A quick trip report (in terms of code):

  • I came to Marrakesh hoping to persuade someone else to write a Qubes-compatible password manager using my mirage-framebuffer library. When that utterly selfish quest for (feedback from) users did not seem to go so well, I started work on a library to enable said someone else to do write such an application without having to deal with cryptography and serialization. Maker and I had also had a fun night working on an example cmdliner-application using the library. The results are available here: https://github.com/cfcs/passmenage - I maintain hope that someone will take up the mantle and write the graphical application, but sadly both mirage-framebuffer and notty are lacking widget libraries, so there’s still some work to be done in this regard. Halfdan started working on sprites for a set of UI widgets that we can hopefully start using in the new year.

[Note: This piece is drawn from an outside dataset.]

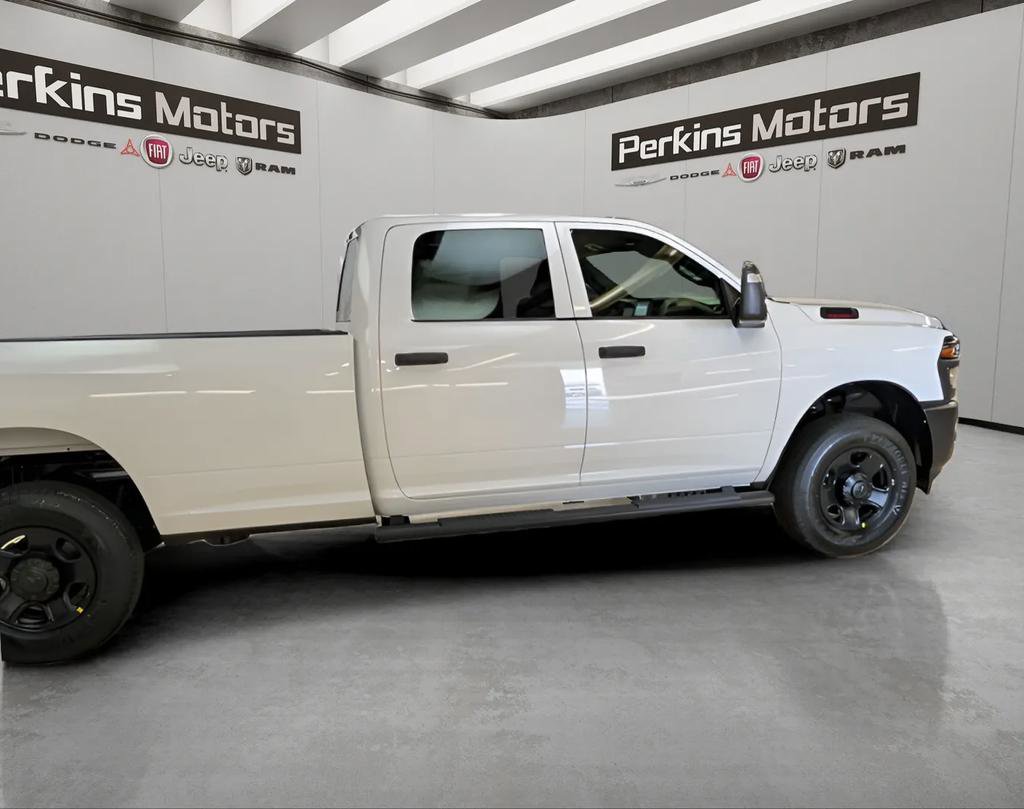 New 2026 RAM 2500 Tradesman AWD/4WD image 6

  • I took some time to track down a few bugs in mirage-framebuffer, most notably window resizing on the QubesOS target now works, after a lot of debugging and some helpful ideas from @yomimono .

  • Talking to Holger Levsen I was inspired to try to add handling of user-supplied rulesets to @talex5’s qubes-mirage-firewall. Again @yomimono came to the rescue :muscle: and walked me through the API jungle required to use mirage-block, and fixed a bug, so I got a basic prototype working using yojson to parse the rules. We also discussed various syntax/grammars, and hopefully we can over the next few weeks come up with something that will resemble an existing firewall system and make the users’ eyes bleed less. Having the rules specified outside of the code will enable binary distribution of the firewall, making it available to more users, and the Reproducible Builds project to cover it in their work. I intend to work more on that the coming weeks and hope to have a much nicer patchset in time for the 34th CCC at the end of the year.

  • I also had good discussions with Christiano and @reynir regarding awa-ssh and ocaml-ssh-agent and am enthusiastic about bringing that to the Qubes users in the form of a drop-in replacement for qubes-app-split-ssh in the coming year.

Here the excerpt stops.